History of the Knights of Columbus (from KofC.org)
On Oct. 2, 1881, a group of men met in the basement of St. Mary’s Church on Hillhouse Avenue in New Haven. Called together by their 29-year-old parish priest, Father Michael J. McGivney, these men formed a fraternal society that would one day become the world’s largest Catholic family fraternal service organization.
They sought strength in solidarity, and security through unity of purpose and devotion to a holy cause: they vowed to be defenders of their country, their families, and their faith.
These men were bound together by the ideal of Christopher Columbus, the discoverer of the Americas, the one whose hand brought Christianity to the New World. Their efforts came to fruition with the incorporation of the Knights of Columbus on March 29, 1882.

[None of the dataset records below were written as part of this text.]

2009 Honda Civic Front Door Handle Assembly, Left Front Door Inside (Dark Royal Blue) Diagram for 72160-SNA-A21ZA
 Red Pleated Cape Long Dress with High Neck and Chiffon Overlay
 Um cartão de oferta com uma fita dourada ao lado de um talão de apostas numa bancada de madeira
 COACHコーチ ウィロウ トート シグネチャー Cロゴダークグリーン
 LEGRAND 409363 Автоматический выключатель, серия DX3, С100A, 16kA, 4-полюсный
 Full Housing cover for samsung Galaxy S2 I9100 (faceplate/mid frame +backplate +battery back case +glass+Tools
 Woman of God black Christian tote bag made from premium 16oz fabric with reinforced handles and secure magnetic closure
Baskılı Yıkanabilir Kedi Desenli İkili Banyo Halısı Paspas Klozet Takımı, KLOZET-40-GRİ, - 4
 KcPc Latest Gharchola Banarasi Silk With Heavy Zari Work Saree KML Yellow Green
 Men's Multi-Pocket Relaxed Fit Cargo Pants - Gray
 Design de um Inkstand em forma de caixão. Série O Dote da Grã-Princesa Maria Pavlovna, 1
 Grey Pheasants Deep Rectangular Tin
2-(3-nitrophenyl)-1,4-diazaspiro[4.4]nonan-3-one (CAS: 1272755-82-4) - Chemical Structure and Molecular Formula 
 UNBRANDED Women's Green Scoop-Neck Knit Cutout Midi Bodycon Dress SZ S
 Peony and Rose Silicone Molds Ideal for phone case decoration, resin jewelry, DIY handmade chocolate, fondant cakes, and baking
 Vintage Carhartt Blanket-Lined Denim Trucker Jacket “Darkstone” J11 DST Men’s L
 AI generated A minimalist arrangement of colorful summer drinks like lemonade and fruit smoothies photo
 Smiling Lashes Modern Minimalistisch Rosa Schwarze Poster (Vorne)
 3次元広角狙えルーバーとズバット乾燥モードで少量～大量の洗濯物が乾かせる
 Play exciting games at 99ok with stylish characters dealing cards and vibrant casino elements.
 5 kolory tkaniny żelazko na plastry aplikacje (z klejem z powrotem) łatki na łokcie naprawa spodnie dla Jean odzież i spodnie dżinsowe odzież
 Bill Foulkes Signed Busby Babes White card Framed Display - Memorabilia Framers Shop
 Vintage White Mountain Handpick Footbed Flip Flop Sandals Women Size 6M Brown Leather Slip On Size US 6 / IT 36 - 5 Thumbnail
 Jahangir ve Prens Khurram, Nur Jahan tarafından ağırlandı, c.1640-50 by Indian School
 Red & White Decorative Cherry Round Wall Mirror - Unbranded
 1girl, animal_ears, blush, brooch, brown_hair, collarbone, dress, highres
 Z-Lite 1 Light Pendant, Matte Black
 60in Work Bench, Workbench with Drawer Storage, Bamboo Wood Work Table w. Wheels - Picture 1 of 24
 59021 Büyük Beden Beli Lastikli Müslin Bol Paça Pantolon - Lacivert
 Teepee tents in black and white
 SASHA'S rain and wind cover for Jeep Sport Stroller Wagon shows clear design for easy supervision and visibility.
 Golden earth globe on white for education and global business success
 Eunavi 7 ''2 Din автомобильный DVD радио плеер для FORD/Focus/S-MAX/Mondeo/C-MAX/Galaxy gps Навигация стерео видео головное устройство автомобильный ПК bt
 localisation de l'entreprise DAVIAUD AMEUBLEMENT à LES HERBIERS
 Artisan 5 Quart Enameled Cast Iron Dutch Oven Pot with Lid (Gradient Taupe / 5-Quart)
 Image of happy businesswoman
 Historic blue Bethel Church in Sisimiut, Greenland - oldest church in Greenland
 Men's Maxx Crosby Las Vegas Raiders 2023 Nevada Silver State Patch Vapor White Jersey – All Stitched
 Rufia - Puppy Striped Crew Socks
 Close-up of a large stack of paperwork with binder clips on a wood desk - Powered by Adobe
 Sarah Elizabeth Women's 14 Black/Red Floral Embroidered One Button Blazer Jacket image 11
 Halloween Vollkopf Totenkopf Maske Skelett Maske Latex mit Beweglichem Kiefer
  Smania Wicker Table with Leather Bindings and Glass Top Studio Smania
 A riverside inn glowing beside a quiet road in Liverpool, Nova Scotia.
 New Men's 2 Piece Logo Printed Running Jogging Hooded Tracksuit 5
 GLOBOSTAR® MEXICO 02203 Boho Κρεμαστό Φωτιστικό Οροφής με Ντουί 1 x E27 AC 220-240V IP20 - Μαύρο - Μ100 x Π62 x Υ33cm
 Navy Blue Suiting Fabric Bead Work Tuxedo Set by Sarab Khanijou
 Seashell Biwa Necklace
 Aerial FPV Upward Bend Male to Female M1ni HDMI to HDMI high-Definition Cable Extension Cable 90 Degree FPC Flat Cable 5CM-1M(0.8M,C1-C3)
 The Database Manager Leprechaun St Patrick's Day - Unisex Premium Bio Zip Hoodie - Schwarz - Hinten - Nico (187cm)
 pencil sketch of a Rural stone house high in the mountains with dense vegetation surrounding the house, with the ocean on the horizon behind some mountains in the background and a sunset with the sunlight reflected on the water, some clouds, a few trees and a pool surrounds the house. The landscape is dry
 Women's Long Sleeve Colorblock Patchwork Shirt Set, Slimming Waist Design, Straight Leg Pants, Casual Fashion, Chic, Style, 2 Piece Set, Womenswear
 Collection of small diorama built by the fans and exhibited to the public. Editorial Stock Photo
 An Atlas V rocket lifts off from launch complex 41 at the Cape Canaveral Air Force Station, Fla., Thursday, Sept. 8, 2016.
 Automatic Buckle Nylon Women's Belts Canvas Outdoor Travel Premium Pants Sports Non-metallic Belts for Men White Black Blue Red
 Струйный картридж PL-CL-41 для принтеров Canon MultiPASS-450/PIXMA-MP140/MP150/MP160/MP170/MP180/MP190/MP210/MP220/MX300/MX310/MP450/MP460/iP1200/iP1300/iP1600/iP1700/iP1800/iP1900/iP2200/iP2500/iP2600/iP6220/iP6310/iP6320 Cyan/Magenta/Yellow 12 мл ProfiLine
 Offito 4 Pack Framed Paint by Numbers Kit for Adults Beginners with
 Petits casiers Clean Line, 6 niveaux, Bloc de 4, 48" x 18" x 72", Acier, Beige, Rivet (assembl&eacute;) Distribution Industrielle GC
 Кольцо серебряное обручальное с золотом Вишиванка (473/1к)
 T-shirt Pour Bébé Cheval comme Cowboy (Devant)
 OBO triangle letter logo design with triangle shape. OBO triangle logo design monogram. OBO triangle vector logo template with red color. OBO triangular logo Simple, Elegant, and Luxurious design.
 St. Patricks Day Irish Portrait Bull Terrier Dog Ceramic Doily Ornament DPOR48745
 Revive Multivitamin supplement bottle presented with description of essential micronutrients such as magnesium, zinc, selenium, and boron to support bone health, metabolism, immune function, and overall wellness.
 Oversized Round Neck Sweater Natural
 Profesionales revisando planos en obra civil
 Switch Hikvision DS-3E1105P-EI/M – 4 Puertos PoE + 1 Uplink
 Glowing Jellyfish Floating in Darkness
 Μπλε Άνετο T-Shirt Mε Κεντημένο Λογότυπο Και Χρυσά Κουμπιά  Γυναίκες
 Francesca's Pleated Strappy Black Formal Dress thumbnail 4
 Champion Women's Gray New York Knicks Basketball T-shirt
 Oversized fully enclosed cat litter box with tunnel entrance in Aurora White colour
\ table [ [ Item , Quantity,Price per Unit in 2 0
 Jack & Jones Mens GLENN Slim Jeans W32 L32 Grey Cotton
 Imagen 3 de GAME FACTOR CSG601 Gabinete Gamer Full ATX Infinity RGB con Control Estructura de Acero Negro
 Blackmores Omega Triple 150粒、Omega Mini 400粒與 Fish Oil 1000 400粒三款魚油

They were Knights of Columbus.
The Order has been called "the strong right arm of the Church," and has been praised by popes, presidents, and other world leaders for support of the Church, programs of evangelization and Catholic education, civic involvement, and aid to those in need.
Father McGivney’s founding vision for the Order also included a life insurance program to provide for the widows and orphans of deceased members. The Order’s insurance program has expanded substantially to serve more effectively the Knights’ growing membership. Year after year, the Knights of Columbus has earned the highest possible quality ratings for financial soundness from outside ratings agencies. The Order provides the highest quality insurance, annuity, and long-term care products to its members, along with many other fraternal benefits.
The Supreme Council is the governing body of the Knights of Columbus and is responsible for the development of the organization as a whole. Supreme Council duties include establishing the Order in new regions and setting up regional authorities, defining and advancing its values and goals, undertaking organization-wide initiatives, promoting awareness of the Knights’ mission worldwide, and protecting the families of members through its extensive insurance program. Members working in local, or subordinate, councils carry on the majority of the Knights’ beneficial work.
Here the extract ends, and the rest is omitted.